MAPPING THE EPHEMERAL

2020

As part of my Art & Archaeology module of my MA, I worked on a collaborative drawing and mapping project.

Kitchin and Dodge (2007) suggest that “maps are constantly in a state of becoming: constantly being remade...each person engaging with a spatial representation beckons a different map into being.” Our artefacts of the mapping process contradict and ‘counter’ traditional cartography, becoming more experimental, playful and transient. An “unfolding practice,” where our counter mapping process is about “deconstructing, reading differently, and reconfiguring scientific cartography” in order “to examine alternative and new forms of mapping.”

To assume the practice of counter mapping, the group chose to consider and respond to the theme of ‘mapping the ephemeral’ through drawing and mark-making.
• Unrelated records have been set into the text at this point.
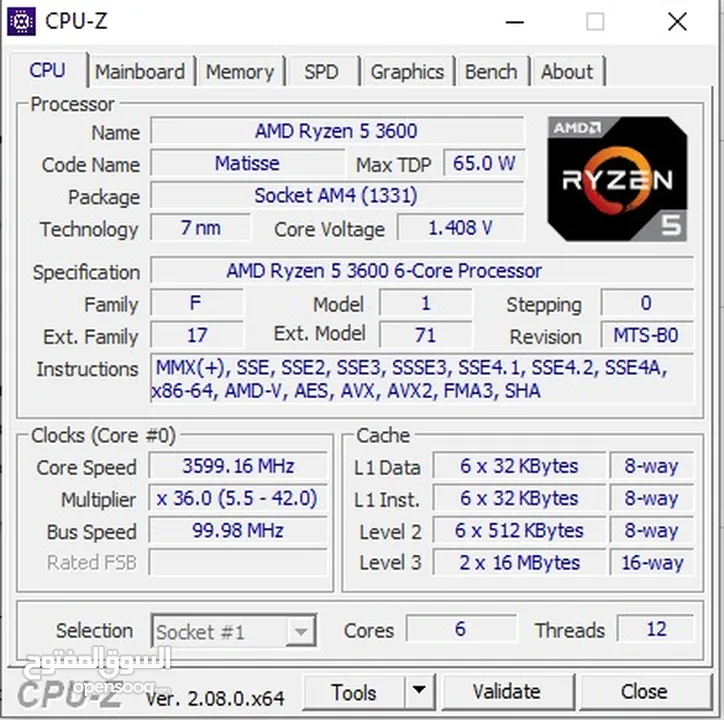 cpu amd ryzen 3600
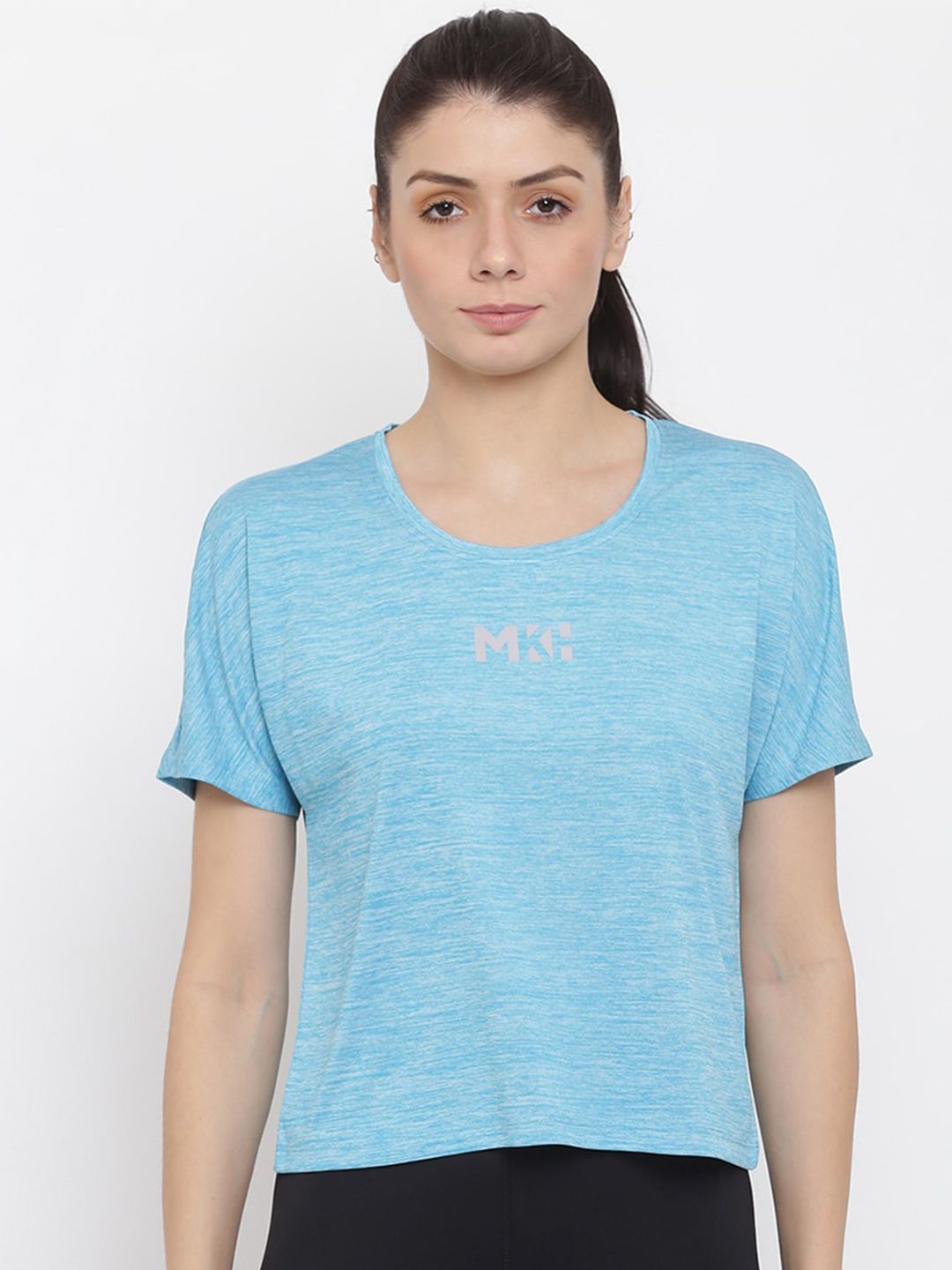 MKH Women Sea Green Brand Logo Printed Dri-FIT T-shirt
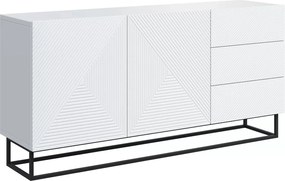 Komoda Asha 167 cm dwudrzwiowa z szufladami - biały mat / czarny stelaż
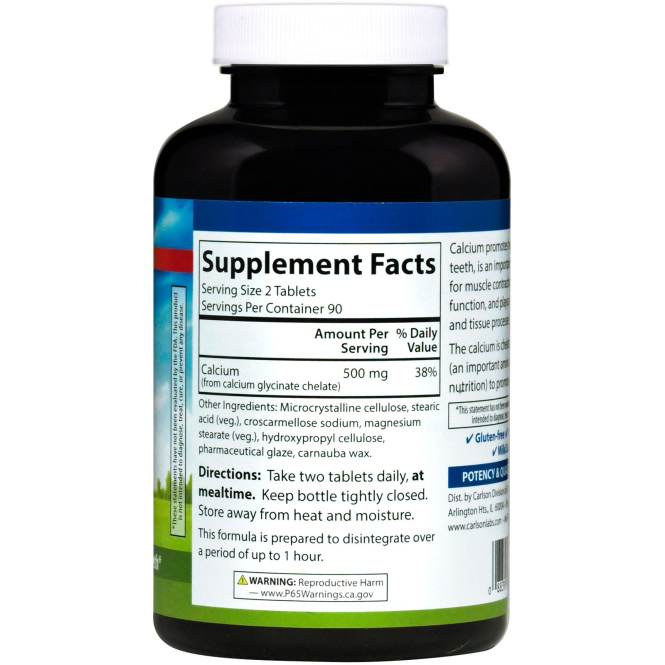 Carlson Labs, Кальций в форме хелата, 500 мг, 180 таблеток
Inspired by the ‘Mail art’ movement which involves sending drawings, photographs and other art objects via the postal network, each member created eight single A4 ‘maps’ which they then posted on to the next member of the group. Each member agreed to draw and make marks on particular dates, enabling ephemera to be mapped simultaneously in three different locations based around the lunar calendar. The recipient could then add their own mapped layer, name and date it before posting it on to the final member of the group. The result of this process was a collaborative layering of ephemera of three separate sites on 24 circulating sheets of A4 paper, linked together by the mapping process and informed by the lunar cycle.

I combined my collection of 8 drawings using a Turkish map folding technique, playing on the traditional idea of a folded map, by making something more sculptural that can be ‘read’ or viewed in any direction. The artefact of the process of ephemeral mapping is a map in and of itself.

Worked on this project with Selma Makela and Jenny Smillie.